MATERIAL PROVIDED →
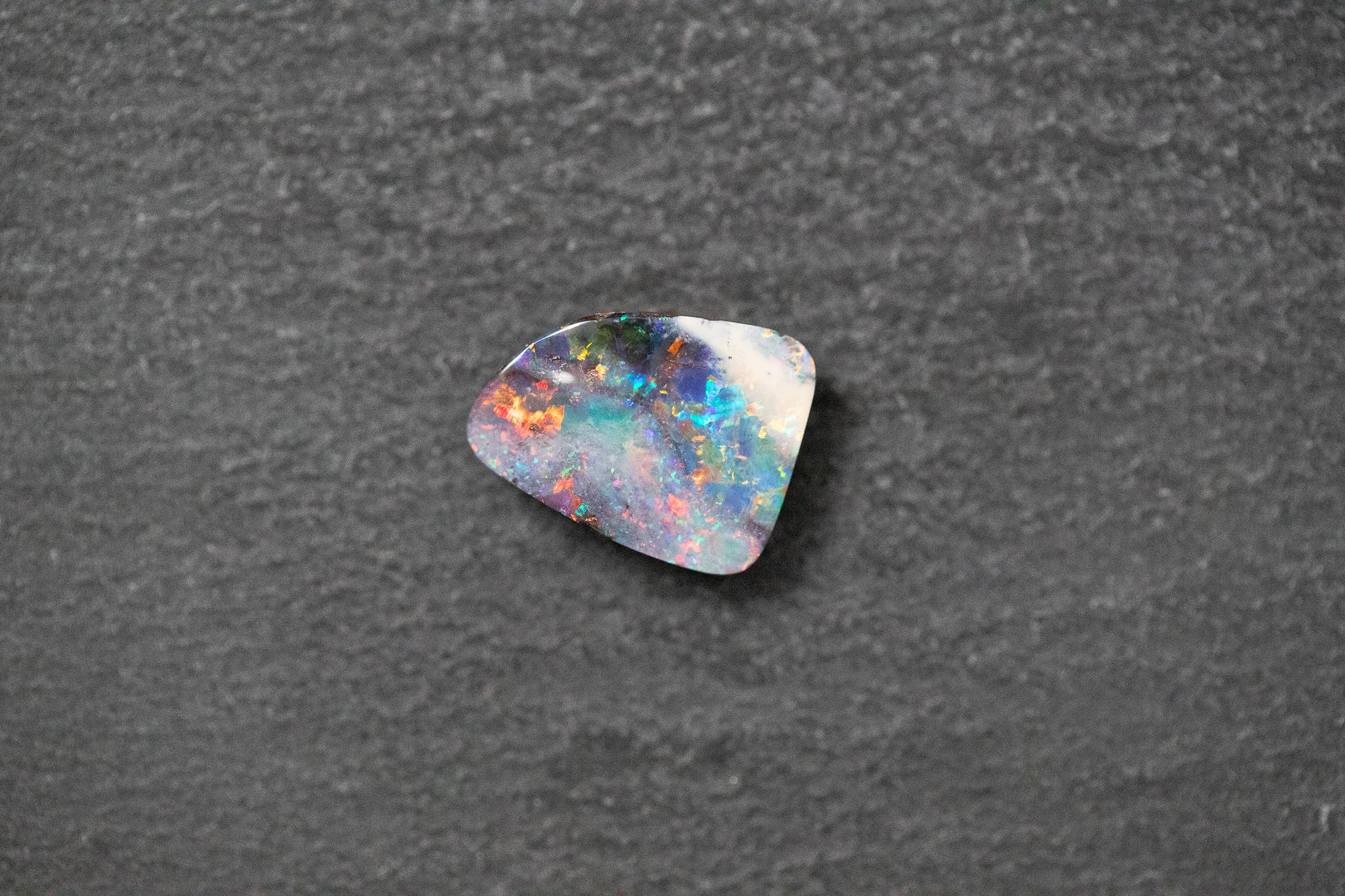 Boulderopal in Fantasieform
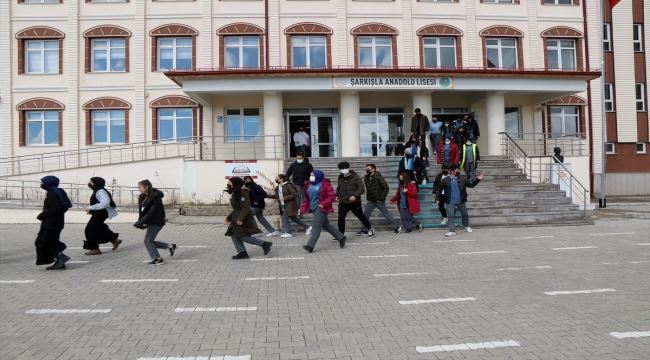 Şarkışla'da deprem tatbikatı yapıldı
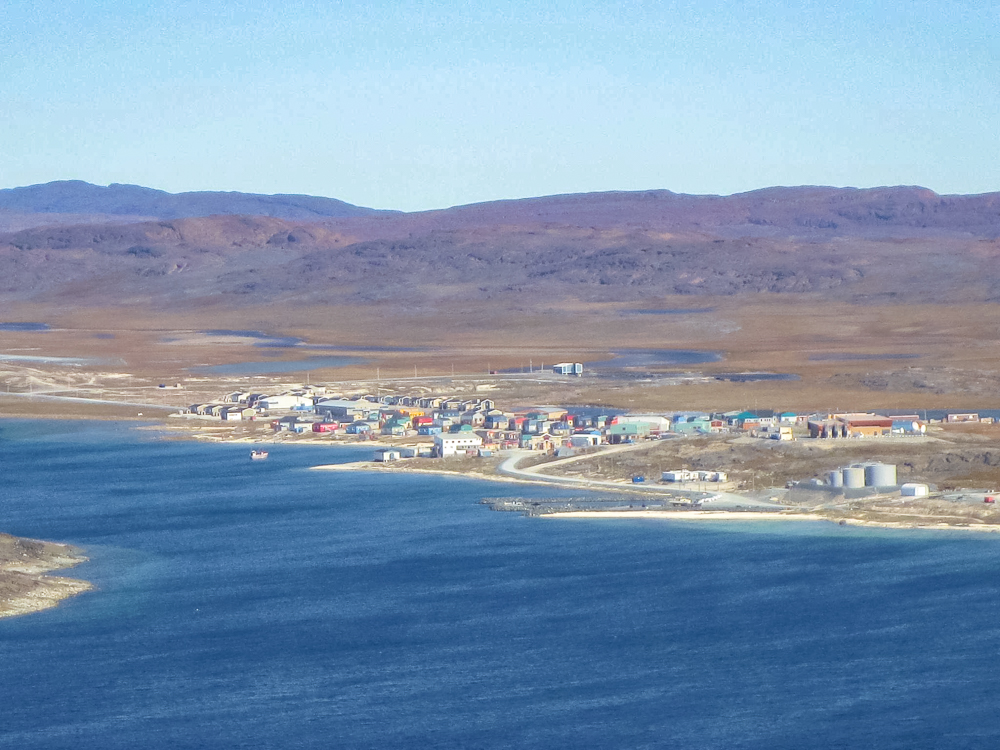 Vue d'ensemble d'Akulivik à partir de l'ile du Cap Smith - Crédit Photo Gabriel Lacoste-Piotte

TASK STATEMENT → Give the material above again exactly as it stands, minus any images.

RESPONSE TO THIS EXERCISE →
 Boulderopal in Fantasieform
 Şarkışla'da deprem tatbikatı yapıldı
 Vue d'ensemble d'Akulivik à partir de l'ile du Cap Smith - Crédit Photo Gabriel Lacoste-Piotte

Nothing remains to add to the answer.